Friday, November 26, 2010

All In


The moments we spend attempting to reconcile with our past prevents us from pursuing new dreams, new hopes, new faith.

This is where the actions of today need to be more present than ever before - when attempting to move on. And this is where I am today, at this very moment. You are either all in for the present, or left to decay in the past.

I would hope when others look at my life they see someone who is all in, and for the right reasons. I would hope they see someone who is attempting to do her best every day. I would hope they would see my love shining through. But in the end, does it matter what others may see if you yourself do not also feel and see the same thing? In the end, as I stare myself down in the mirror, it matters more what I see than what the world may see.

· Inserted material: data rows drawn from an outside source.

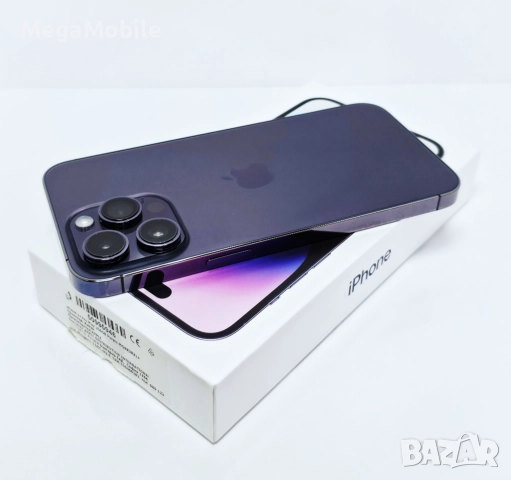 ✅️iPhone 14 Pro Max 256GB Deep Purple, снимка 3 - Apple iPhone - 52990394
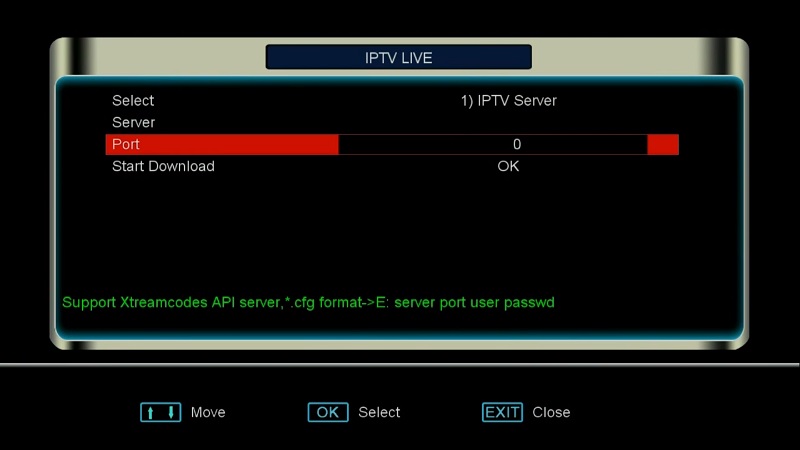 IPTV on iBRAVEBOX F10S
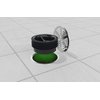 G Green Drain Waterless Trap Seal, 4 Inch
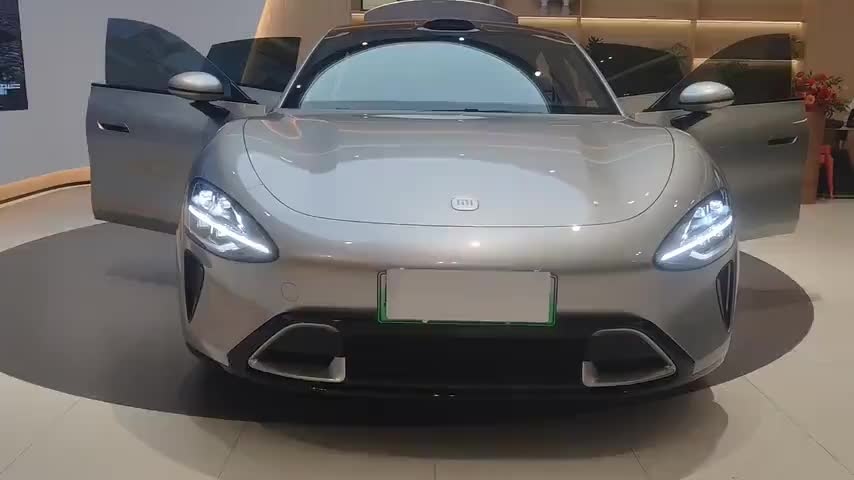 小米汽车 小米SU7 2024款 后驱超长续航高阶智驾Pro版实拍1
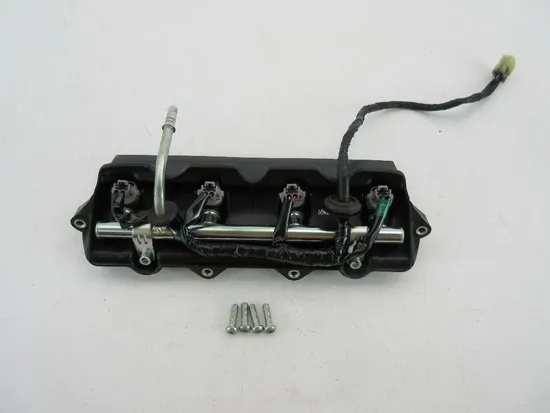Engine Fuel Priming Rail 2007 Yamaha YZF R6 691A
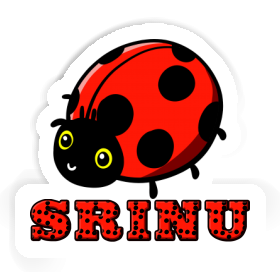 Ladybug Sticker Srinu Image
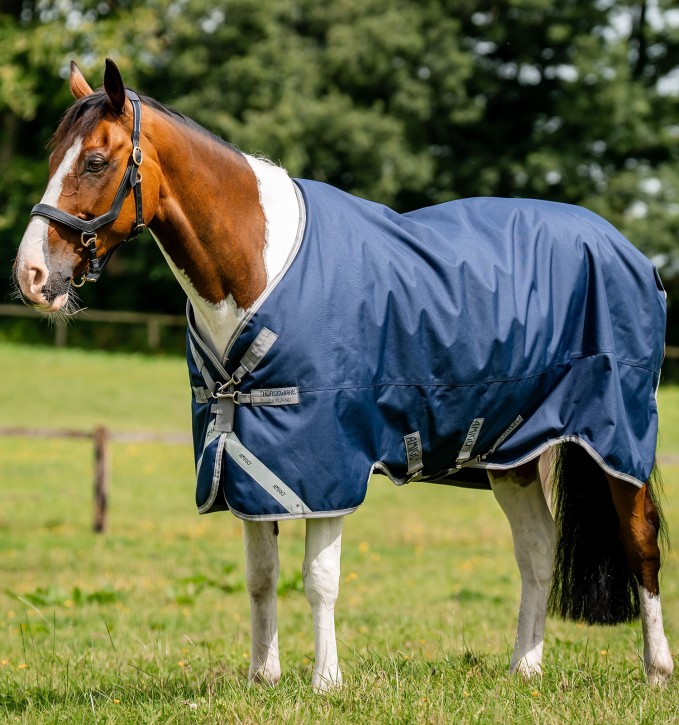 Horseware Amigo 1200D Outdoordecke 100g Navy/Titanium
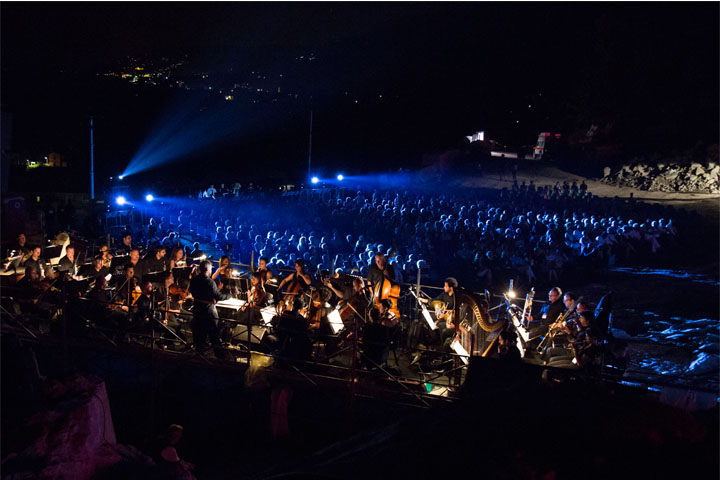 Tones On The Stones - Cavalleria Rusticana - photo: Arianna Ricotti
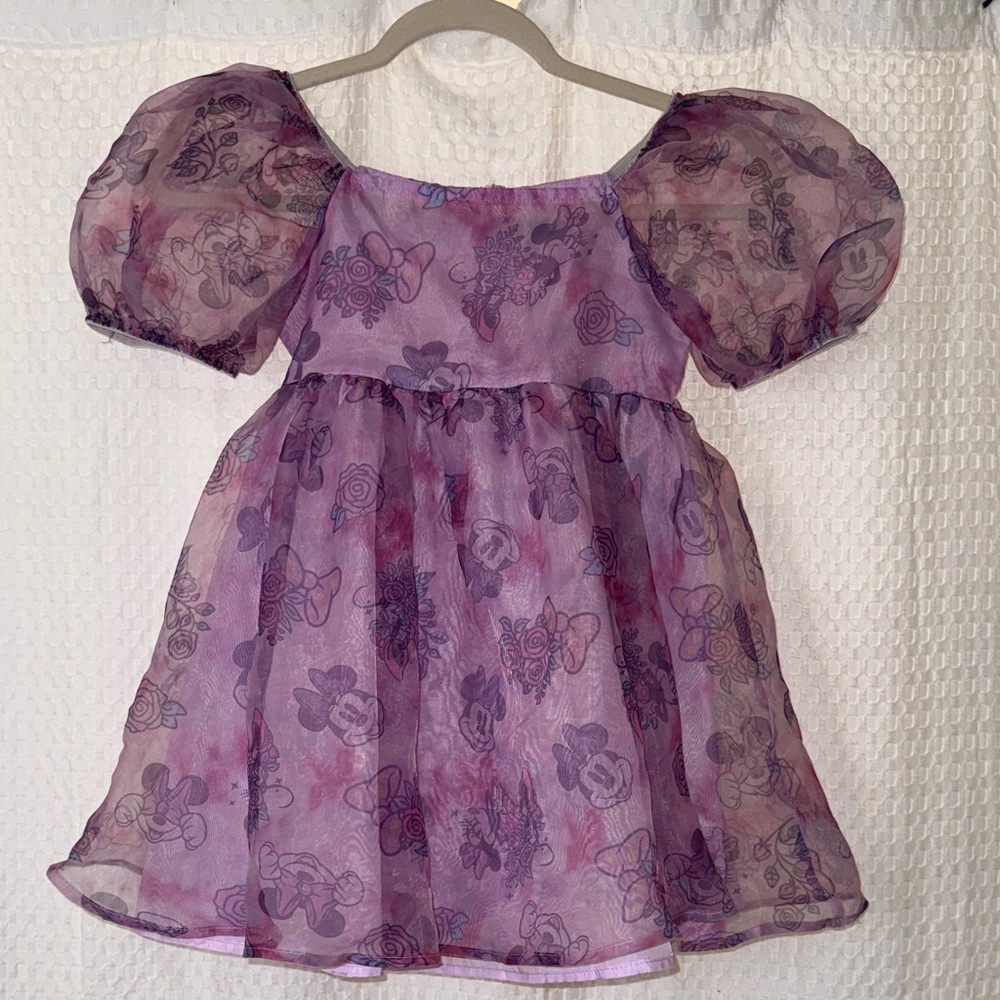 Disney Minnie Mouse Lavender Dress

This world is not a kind place. Finding your niche in this world may be like finding the proverbial needle in a haystack. But being happy with who you are far outweighs any of life's opinions. When I look back at my life in 5 years, 15 years, 50 years, I want to never regret not saying I love you to my children enough. I want to never regret not telling the man I am in love with that he is great. I want to never regret a temporary misunderstanding separate me from the joy of knowing a friend. I want to collect moments of laughter as a hobby. I want to find things satisfying in my world, and not what the populous considers satisfying. I want to live each day, all in, with nothing left to wonder, nothing left to regret, and nothing left to desire when I breathe my last breath.